Do you take into account that music is being mixed down for a different set of audio equipment when building your hifi speakers?

It can be tempting to, particularly with the design of hifi speakers, because you know that for a good quantity of tracks you can compensate for the way they are mixed, a little like the way an RAA in a phono stage works. You can almost steer the frequency response of your speakers to try and correct for where the mix and mastering engineers are tailoring to sound better on smaller speakers.

But we’ve never done that because I think that’s going down a slippery path of very inaccurate sounding speakers. And a lot of the people that buy our hifi speakers will be trying to find really nice sounding recording, and when you play them on a speaker that is accurate and true and performs the same as the studio monitors – it sounds fantastic!

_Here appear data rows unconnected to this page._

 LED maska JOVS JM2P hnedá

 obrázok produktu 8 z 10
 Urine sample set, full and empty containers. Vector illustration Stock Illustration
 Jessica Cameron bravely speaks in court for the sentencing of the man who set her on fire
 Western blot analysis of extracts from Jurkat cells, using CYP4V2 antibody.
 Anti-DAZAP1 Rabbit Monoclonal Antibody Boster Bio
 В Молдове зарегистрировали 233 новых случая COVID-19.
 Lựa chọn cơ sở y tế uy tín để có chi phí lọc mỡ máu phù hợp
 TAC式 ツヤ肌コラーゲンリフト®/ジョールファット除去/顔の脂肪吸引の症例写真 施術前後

In short, no we don’t we do anything to try and tailor the speakers!

Where do you see speaker technology progressing over the next 10-20 years?

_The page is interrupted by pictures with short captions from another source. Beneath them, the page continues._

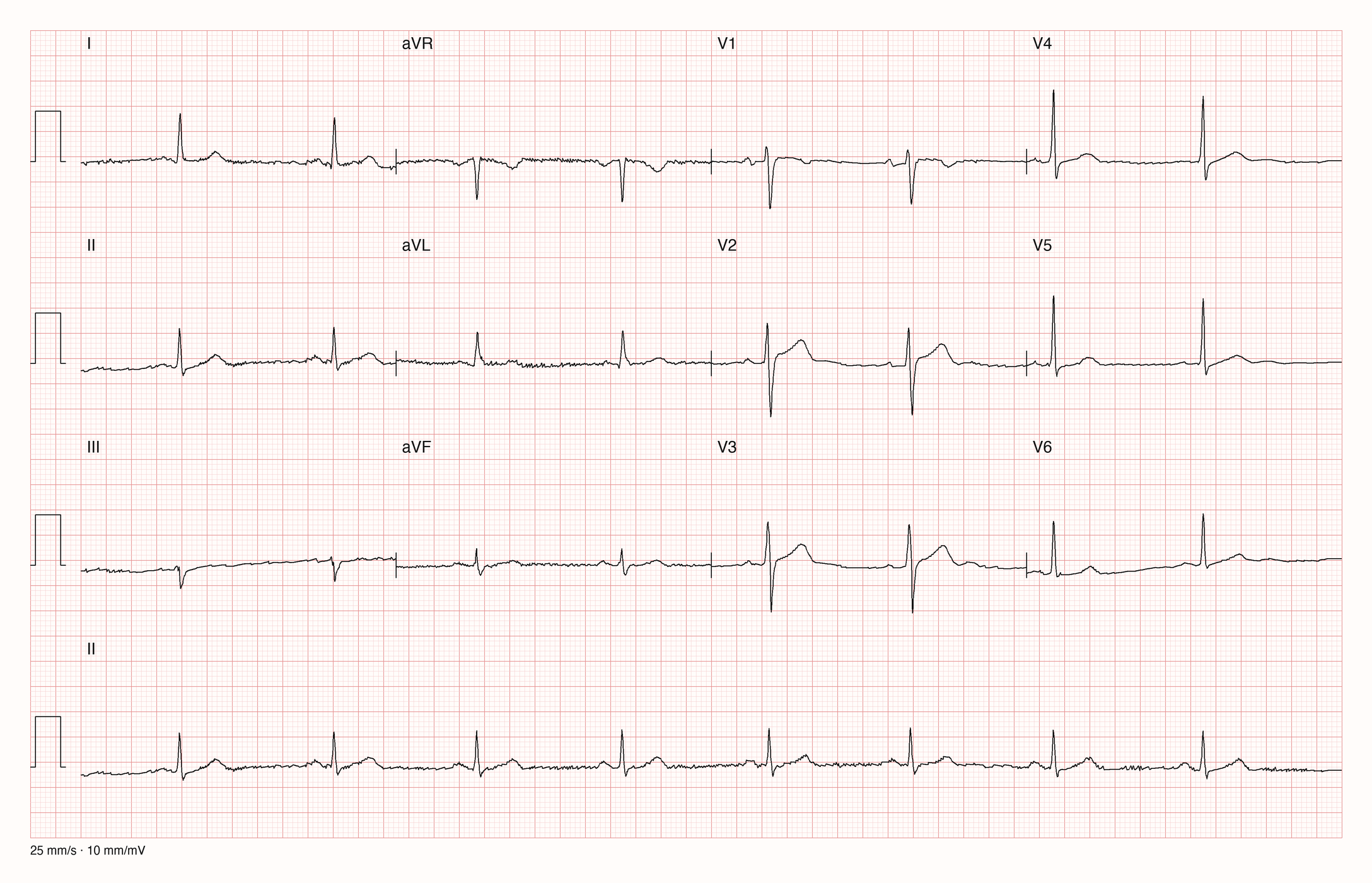 12-Kanal-EKG 4059; zur systematischen Befundung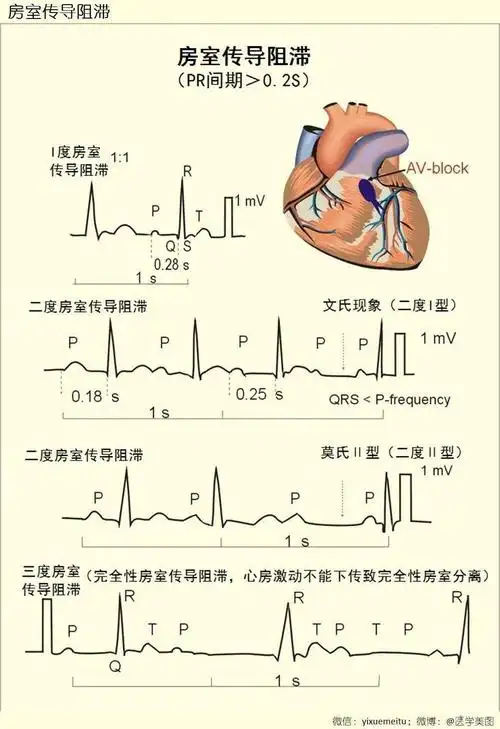 重症之声.icu第一利器:床旁心电图运用之二:房室传导阻滞
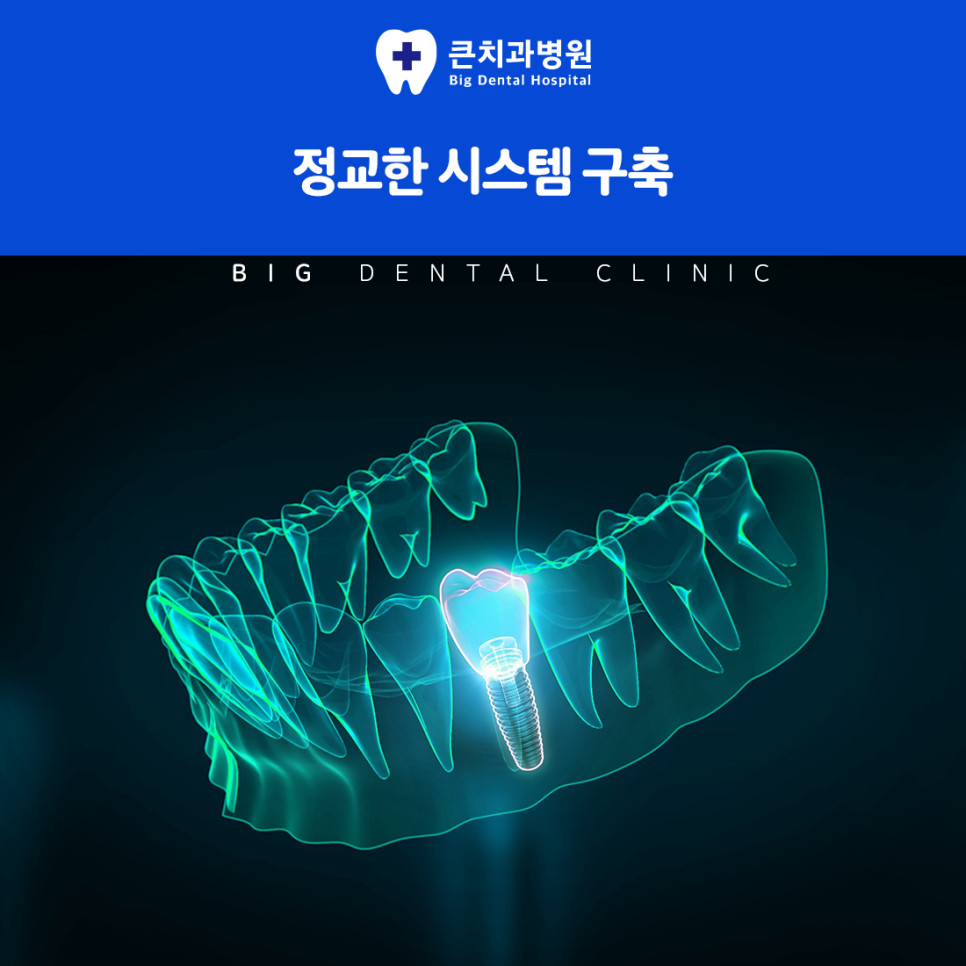 울산북구치과잘하는곳 오래된 보철물 불편 시 임플란트 재치료 고려 방법과 기준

As I said, a lot of innovation is in DSP. So at the moment it is all about the electronics controlling and powering the electro-mechanical drive units, which is constantly improving at the moment.

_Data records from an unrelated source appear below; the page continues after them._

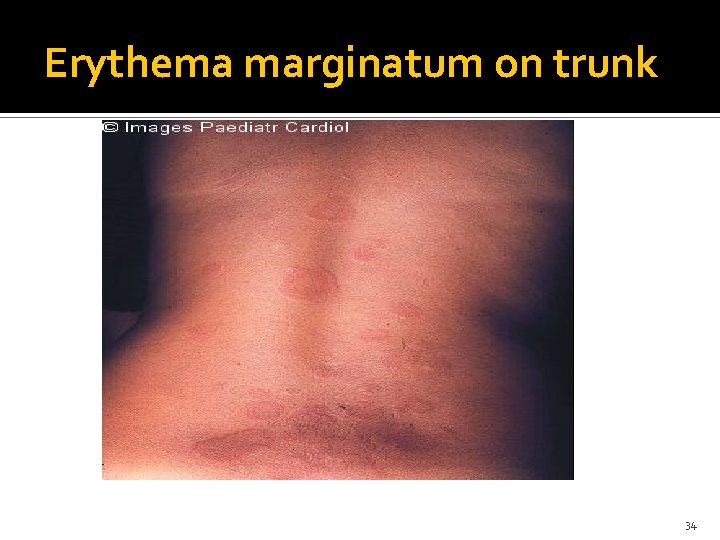 Erythema marginatum on trunk 34 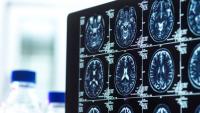 Important dementia update as scientists now have first 'complete baseline' of its kind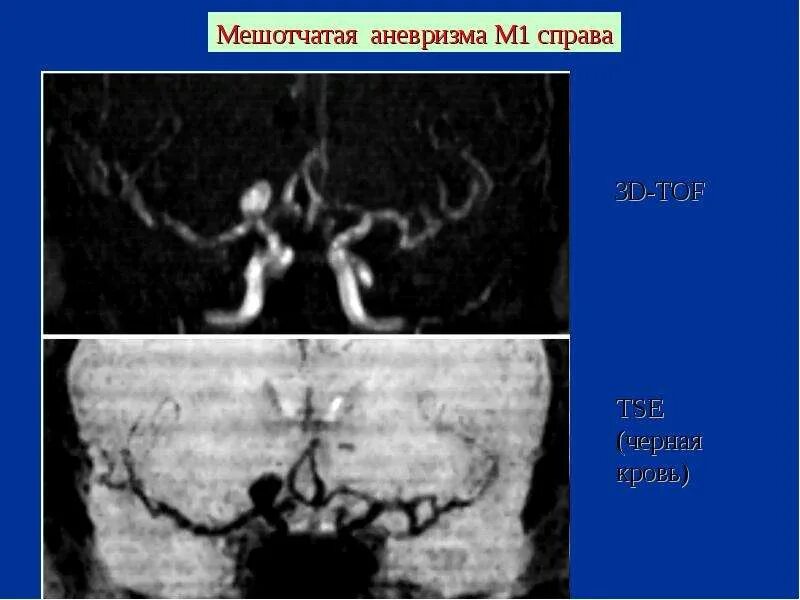 Мешотчатая аневризма внутренней. Мешотчатая аневризма вса. аневризма передней мозговой/передней соединительной артерии.. мешотчатая аневризма средней мозговой артерии головного мозга.
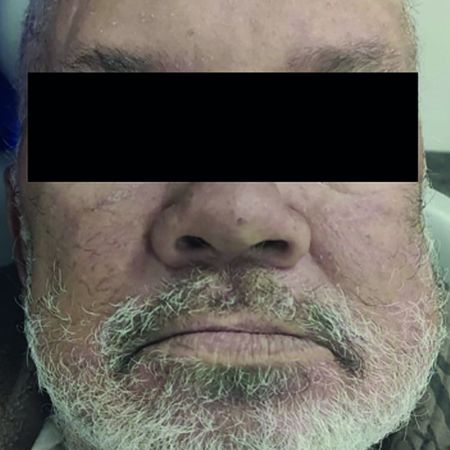 Osteomyelitis as a complication of face trauma in a patient with systemic decompensation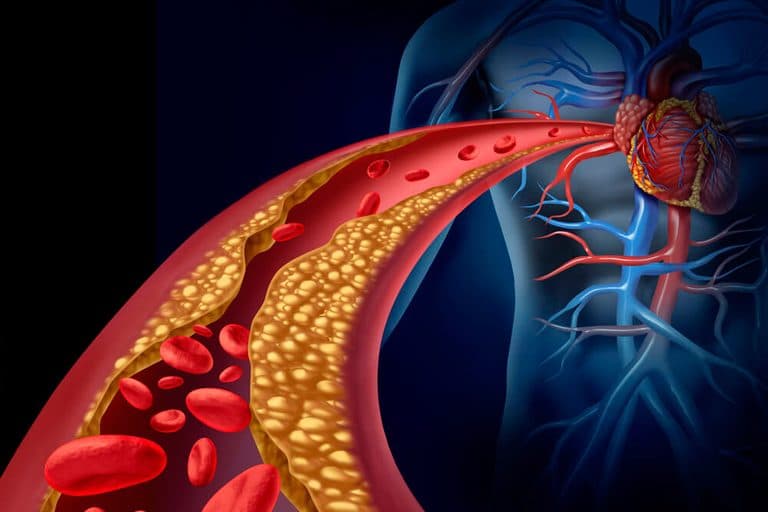 Colesterol: entenda um pouco mais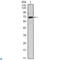 Protein Tyrosine Kinase 2 antibody, LS-C812598, Lifespan Biosciences, Western Blot image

I think we could see passive speakers starting to be phased out. The hifi industry is changing a lot – a lot of studio monitors are all active now because there are a vast number of benefits to having fully active speakers, and that hasn’t been popular in the hifi trade for a while. That could change in the next 10-20 years.

We’re also close to getting new materials being developed that could improve drive unit technology, which you see lots of manufacturers dabble with. I think the driver for some people changing materials for things like drive unit cones from special plastics to reinforced carbon-fibre products is all about coming out with something sounds quite “sexy” without it actually offering any kind of performance increase.

I think the industry has had enough time so that larger manufacturers do actually spend the correct amounts on research into these materials to get the best out of them rather than just slapping a new material in their products. We have definitely seen that some of the big drive unit manufacturers are really upping their game with the performance of what they are making and you end up with drive units that have much higher excursion, so you can get better bass performance out of the same sized drive unit without compromising anything else. So without an increase in distortion or any other unwanted artefacts for a given drive unit – it is something we have definitely been trying to exploit.

If I was putting my futuristic hat on I’d be saying moving coil speakers – the technology is starting to get a bit long in the tooth – so we need to come up with a much better way of producing audio.

PMC is obviously a British company, and a lot of the high-end hifi manufacturers are British – do you see much of a threat from China? Is Britain still leading the pack?

I think so yeah, because of our history and heritage. It goes back to our universities that train people up on acoustics – it’s a fairly specialist area, particularly when you get into the phono-acoustics, loudspeakers, it’s quite niche. As far as I can tell, a lot of the larger far-east-owned companies are fairly dependent on engineers from the UK and other areas of Europe to bolster their design teams. So regardless of whether the companies are UK-based or located overseas – I think quite a lot of the engineers are coming from home.

In terms of the industry – with large companies getting bought out and possibly having a huge amount of resources pumped into them – it can be seen as a threat. But we seem to have quite a good business model with quite a healthy reinvestment of our profits into our own R&D, and we’ve got quite a good little team that has come up with lots of innovative ideas and seems to give us enough freedom to develop some interesting new kit.

And lastly, what has PMC got lined up for 2018?
Over the last two or three years, and part of why I love working with PMC, is we’ve been growing and investing in quite a aggressive development strategy of new products and new technology. So yes in 2018 there will be new things coming out, but that’s all I can say!